Many liberals (and, one assumes, the SWP) have an eye on Turkey as a likely analogous outcome of this process. Indeed, there is some justification for this view: the ruling ‘soft’ Islamist AKP is in uneasy accord with a politically powerful army. Yet there are also uncomfortable echoes of Iran here, where large sections of the left were happy to tail Khomeini in 1979 on the basis that he would be swept aside by the immanent logic of the revolution. It was the left that was swept aside: rounded up, butchered in their tens of thousands, the survivors scattered into exile (Turkey itself is hardly a paradise on earth for the left).
All in all, while a vote for Shafiq is certainly a vote against the revolution, a vote for Mursi is an endorsement of reactionary opposition to the godless military regime. One imputes benign intentions or irrelevance to clerical reactionaries at one’s peril.

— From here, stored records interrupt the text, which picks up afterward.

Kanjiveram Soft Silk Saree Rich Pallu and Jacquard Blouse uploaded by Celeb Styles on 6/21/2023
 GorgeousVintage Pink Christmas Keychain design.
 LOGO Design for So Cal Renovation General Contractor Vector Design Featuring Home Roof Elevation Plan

Just before the turn of the 20th century, there was a mercifully brief fashion for so-called economism among the Russian socialist underground. The idea that the nascent workers’ movement should undertake political action against the tsarist autocracy was disdained and the economists preferred to leave that to the liberals - the working class could concentrate on carrying on the trade union battle. The economist tendency is remembered today principally for having been the subject of merciless polemics by Lenin.
However, with the SWP we have economism reduced to absurdity. For now it is not the liberal intelligentsia which is to carry on the political struggle, but Islamic fundamentalists; and we are to take heart from the fact that they struggle not against the army, but (supposedly) among themselves. Meanwhile, it is “jobs, wages, union rights” and unspecified “radical political change” for the left ...
We need to do better than that, comrades. It is not enough to call for a tactical vote against an army candidate - we need to call for the disbandment of the army, the number one existing block on political democracy in Egypt. We need to further open up space for free political association, and fight the MB for the hearts and minds it has won. Reducing our remit to ‘jobs and wages’ is erroneous in a country like Britain. In today’s Egypt, it is beyond silly.
Marfleet’s perspective, from one angle, stems from long-running political errors of the congenitally economistic SWP. It is fuelled primarily, however, by a salutary faith in the significance of last year’s events: a need to believe that the revolution is not over. Indeed, it is not. Yet this is a revolution which in its full scope has implications for all the hundreds of millions in the Arab world; it will be a long process with breakthroughs and setbacks, perhaps over the course of decades.
This revolution was never going to be as easy as Tahrir Square made it look - many protestors were of course murdered in cold blood by state forces, but in the main the Mubarak regime collapsed remarkably easily, principally because it did not really collapse at all. The left needs to put in the hard yards - that is how the Brotherhood got where it is now. Building up the MB’s vote is frankly insane.